The Festival was first held in 1926, the year of the General Strike, which hardly augured well for its future! The hope was then expressed “that in time it would become one of the greatest musical events in this part of England” – could they have imagined that the two day event would achieve its present pre-eminence and still be growing eighty years later?
It has been said that progress always means change but change does not always mean progress and whilst we can all find too many instances supporting that theory, the Festival positively disproves that notion. Our Festival has indeed seen many changes as the years have gone by, but the fact that we have celebrated our 80th anniversary (the oldest Cheltenham Festival, incidentally) is clear evidence that progress has indeed been made, as proved by the consistently large number of participants, which shows that the continuing revision of both classes and their scheduling has been beneficial, not to say essential: the Committee has its finger on the pulse!

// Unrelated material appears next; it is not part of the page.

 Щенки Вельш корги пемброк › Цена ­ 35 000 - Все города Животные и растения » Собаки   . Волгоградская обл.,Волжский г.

That record reflects great credit on all who have given the time and commitment without which the Festival would have died. Alderman Lipson (later the town’s MP) said, years later, “these people, without any kind of personal reward, do a tremendous amount of work which is for the benefit and credit of the town and for music generally”. Such is still the case today and I acknowledge with gratitude the effort made voluntarily at every level. Many hands make light labour, as they say and I hope that you may feel that you would like to play a positive part in ensuring that the Festival continues to thrive: please do not hesitate to make contact, even if you can spare only an hour or two.
We are, of course, grateful to our sponsors, while not forgetting our historic debt to the Chamber of Commerce, who started it all!